Chainlink 2.0 — The Decentralised Finance (DeFi) Metalayer

The Chainlink 2.0 whitepaper was published on April 15th. Chainlink 2.0 aims to create a decentralised metalayer through hybrid smart contracts by having a large number of oracle networks serve users on an individual basis. The end goal of this, would be to have smart contracts interact with multiple oracles, just as users interact with multiple APIs in web2 today. In essence, Chainlink wants to take as much load off of smart contracts as possible. The DeFi metalayer will look something like an off-chain outcomes data factory. Large amounts of data will flow into Chainlink oracle networks and there will be large amounts of nodes offering more specialised services to report on complex values that DeFi smart contracts will call for. Developers will have the flexibility to pick and choose what oracles they need, which in turns allows them to simplify their smart contract code.

The role of nodes in Chainlink and how they can be exploited

The way Chainlink generates one standardised value to send to a smart contract is by aggregating all values it receives from individual nodes for a given variable. A service level agreement (SLA) normally defines how much an individual node can deviate from the aggregated result considered to be correct by the network (usually ~1%). Values are aggregated by the oracle and a median value is sent to a smart contract. This means if there are over 50% of nodes reporting a false value, this false value will be reported to a smart contract (which could have detrimental effects on the functioning of the smart contract it has been sent to). Nodes could have incentive to deliberately report false values if it is in their financial interest to do so. For example, nodes could have information asymmetry if they report false values of crypto-assets and conduct arbitrage across different exchanges reporting different values of crypto-assets (that they have contributed to). There are many different options or reasons that a node might have to report a false value to an oracle. Nodes can also be bribed to report a false value for the benefit of another agent.

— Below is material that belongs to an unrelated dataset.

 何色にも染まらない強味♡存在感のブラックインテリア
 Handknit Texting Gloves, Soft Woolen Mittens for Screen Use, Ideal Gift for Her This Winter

Implicit and explicit incentives mitigate malicious behaviour of oracle nodes in Chainlink 2.0

Chainlink uses implicit and explicit economic incentives to ensure oracle nodes do not behave maliciously. Explicitly, Chainlink requires two ‘deposits’, one deposit that can be slashed for reporting an incorrect value not agreed upon by the aggregate network and another deposit that can be slashed for falsely reporting that a network of nodes have collectively reported a false value to an adjudicator known as a ‘second-tier’ (more on this later). Implicitly, Chainlink assumes rational economic actors (nodes) will send correct values to oracles because it is in their best interest to do so (i.e. there is an opportunity cost of rewards a node misses out on for behaving maliciously). Implicit incentives are known as the ‘future fee opportunity’ (FFO) in Chainlink. Chainlink are aiming to measure implicit incentives with their ‘Implicit-Incentive Framework’, a revolutionary attempt at quantifying opportunity cost of nodes that includes a node’s performance history, data access, oracle participation and cross-platform activity (e.g. nodes that might be on other networks such as Chorus One and how they perform on their with regards to downtime, slashing etc.). In fact, Chainlink has gone so far as to create an equation to find the implicit incentives of nodes, which can be found below:

Source: Chainlink 2.0 Whitepaper

This formula defines why a node in Chainlink would implicitly continue to report correct values to oracles because if they do not, they stand to lose their future fee opportunity (found in the equation above).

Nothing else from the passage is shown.